The RS still tries to play the sporty game though, with paddle-shifters that simulate gear changes, and a steering ratio that’s surprisingly shorter lock-to-lock than the regular Civic’s already-short ratio. The RS offers the same moderate weight in its electric steering as the regular Civic, but offers a bit more feedback. And the brake pedal is well-weighted as well, easy to modulate, but with average stopping power. The 2.0-litre offers instant throttle response, but the RS clearly has some lag to contend with for a split-second before the power comes on. Still, except for the CVT, the drive feels very European, almost like a VW Golf.
The handling is more than decent, with well-controlled body motions and moderate body roll at the limit, where it understeers cleanly.
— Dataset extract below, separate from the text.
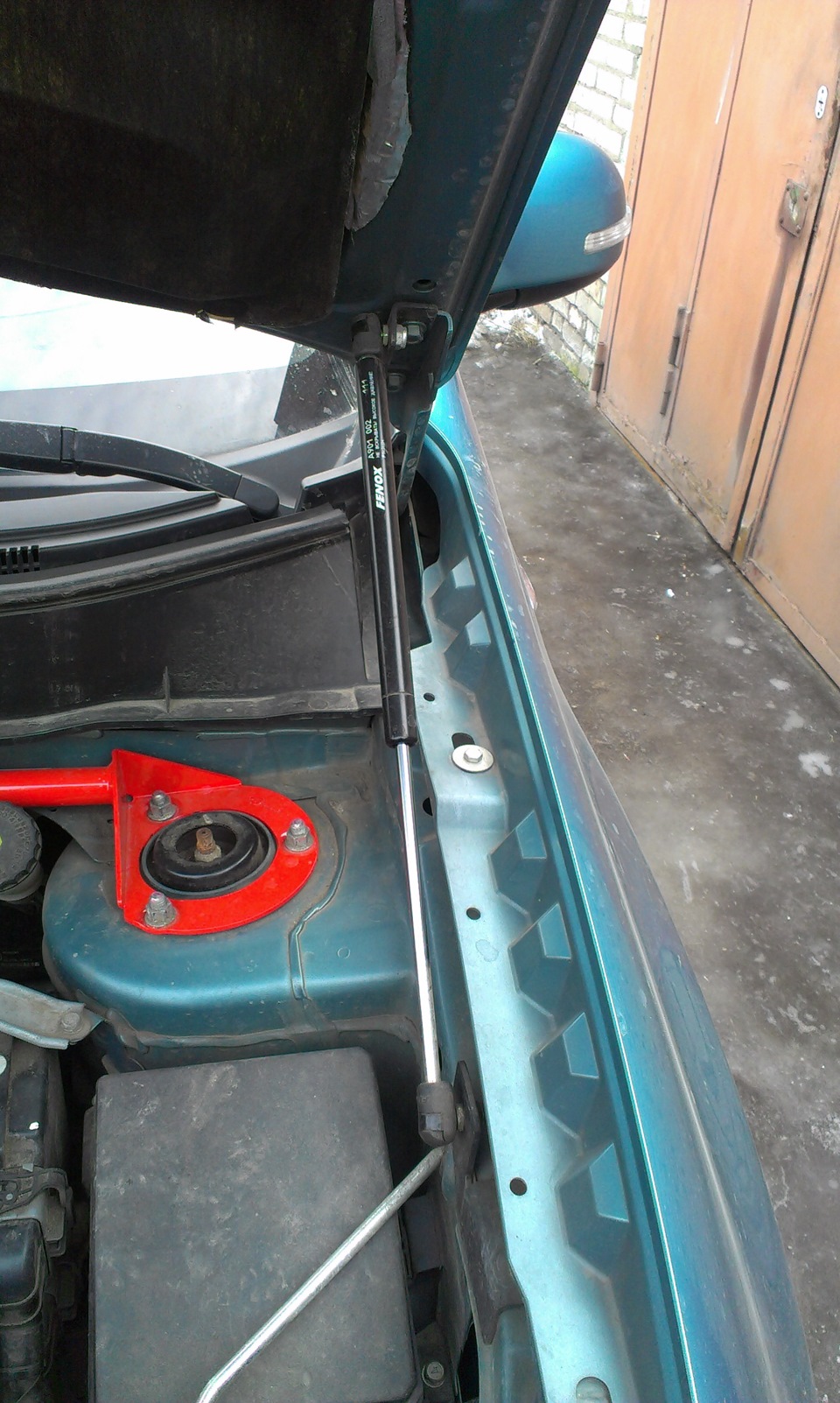 Амортизаторы капота — Mitsubishi ASX, 1,8 л, 2010 года | аксессуары ...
It’s easy to explore the outer reaches of its capabilities while still being fairly fun to drive. While the regular Civic has 215/55 tyres on 16-inch wheels, the RS gets 215/50 rubber on 17-inch alloys.
The new Civic is a quieter car than its noisy predecessors, with better sound-deadening in the cabin. It’s silent in city driving, but overall quietness on the highway is still average for its class. The Ford Focus leads the pack in silence, but the Civic is still quieter than the Toyota Corolla and the Mazda 3. The ride quality is also pretty good, with well-tuned independent suspension on all four corners, unlike cheaper rivals from Toyota and Hyundai.
So is the Civic RS worth the money? At first, we felt it was priced too high, but then we realised it actually costs about the same as a top-end Mazda 3 2.0 and a Ford Focus Titanium, both smaller cars with considerably less power than the turbo Civic. As such, it sits in a niche all on its own, with no direct rivals, but its pricing may still drive some buyers towards a larger midsize car instead. It’s a strong effort from Honda, but it’s not pushing the performance envelope far enough given the connotations of that RS badge.